>>>>

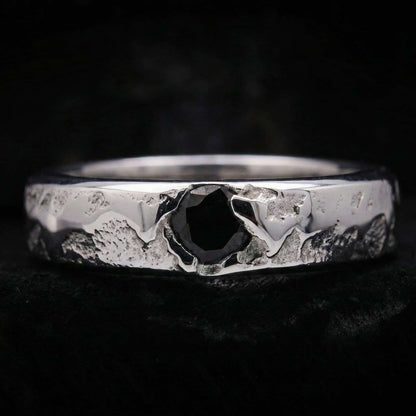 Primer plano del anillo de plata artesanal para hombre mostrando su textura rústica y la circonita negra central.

<<<<
>>>>

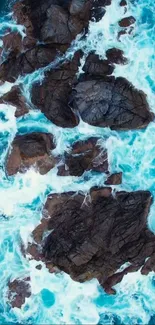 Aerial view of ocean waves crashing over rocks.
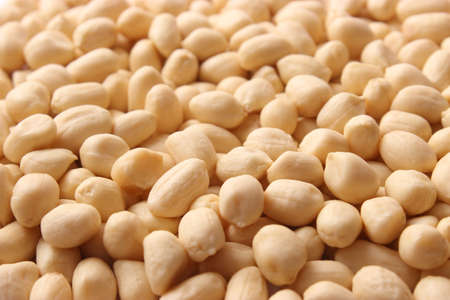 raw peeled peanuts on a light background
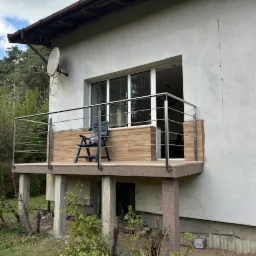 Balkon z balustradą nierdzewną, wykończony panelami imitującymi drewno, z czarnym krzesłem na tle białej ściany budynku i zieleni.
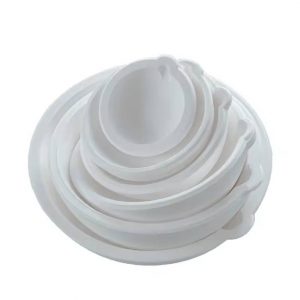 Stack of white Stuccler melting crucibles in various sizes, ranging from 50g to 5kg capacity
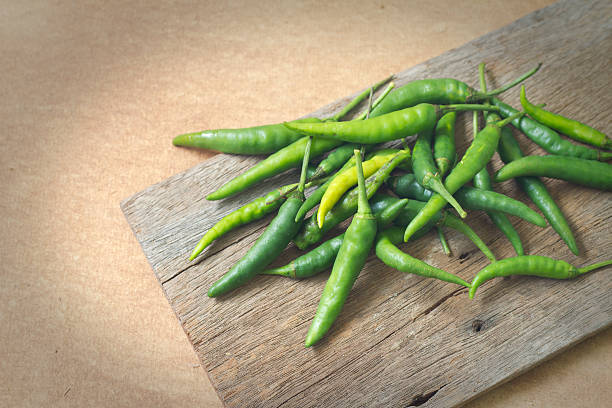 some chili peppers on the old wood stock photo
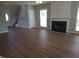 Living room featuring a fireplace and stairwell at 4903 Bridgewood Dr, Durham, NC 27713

<<<<

Exercise prompt: Print, word for word, the lines above that run from the line containing "Aerial view of" to the line containing "some chili peppers", both included. Keep the pictures out.

Answer section:
 Aerial view of ocean waves crashing over rocks.
 raw peeled peanuts on a light background
 Balkon z balustradą nierdzewną, wykończony panelami imitującymi drewno, z czarnym krzesłem na tle białej ściany budynku i zieleni.
 Stack of white Stuccler melting crucibles in various sizes, ranging from 50g to 5kg capacity
 some chili peppers on the old wood stock photo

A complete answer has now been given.